Livni, Erekat to meet informally Monday, launch talks Tuesday
Largely symbolic first round of negotiations in Washington may coincide with release of first batch of long-time security prisoners
Hours after helping approve a prisoner release that will pave the way for the opening of peace talks, Justice Minister Tzipi Livni was slated to fly to Washington Sunday night to hold a lightning round of initial negotiations with the Palestinians.
Livni, who is tasked with heading Israel’s negotiation team, will meet in Washington with chief Palestinian negotiator Saeb Erekat and US Secretary of State John Kerry.

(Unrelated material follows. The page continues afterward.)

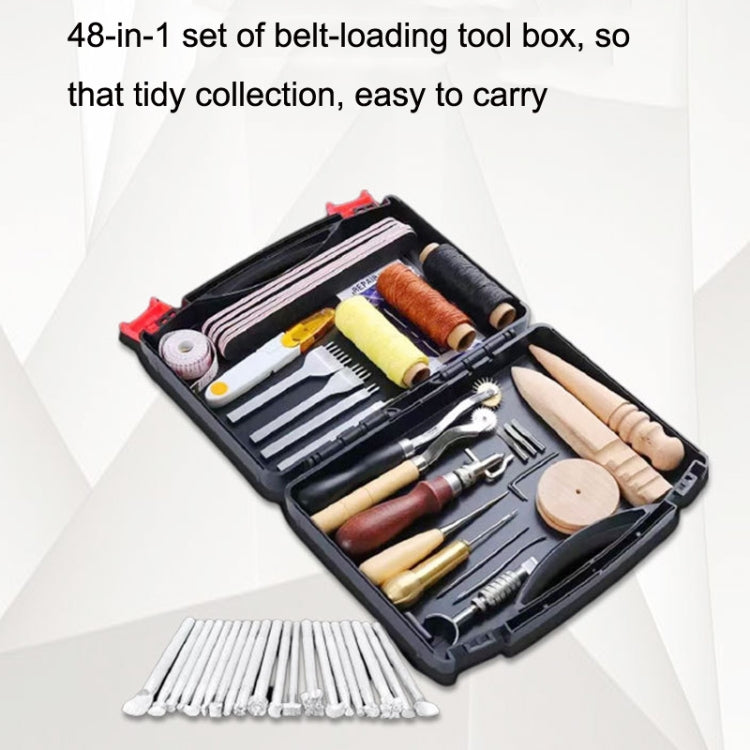 ชุดเครื่องมือ DIY เครื่องหนังแฮนด์เมด ชุดเครื่องมือเย็บผ้า, 48 In 1 Set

The three will meet first informally on Monday, possibly in Kerry’s home, before holding a largely symbolic opening round Tuesday of the renewed peace talks, which are expected to last about nine months, Channel 2 reported. Prime Minister Benjamin Netanyahu’s personal envoy Yitzhak Molcho is also expected to participate in the talks.
The State Department said Sunday that the two sides had accepted invitations from Kerry to come to Washington “to formally resume direct final status negotiations.”
In a statement, department spokeswoman Jen Psaki said Kerry had called both Israeli Prime Minister Benjamin Netanyahu and Palestinian President Mahmoud Abbas on Sunday and said they agreed that the talks would “serve as an opportunity to develop a procedural work plan for how the parties can proceed with the negotiations in the coming months.”
“Both leaders have demonstrated a willingness to make difficult decisions that have been instrumental in getting to this point,” Kerry said in the statement. “We are grateful for their leadership.”
Kerry had announced on July 19 in Amman, Jordan, that negotiators from the two sides would be coming to Washington in a “week or so” after having agreed on a basis for resuming negotiations after a five-year break. However, he warned that the agreement was still being formalized.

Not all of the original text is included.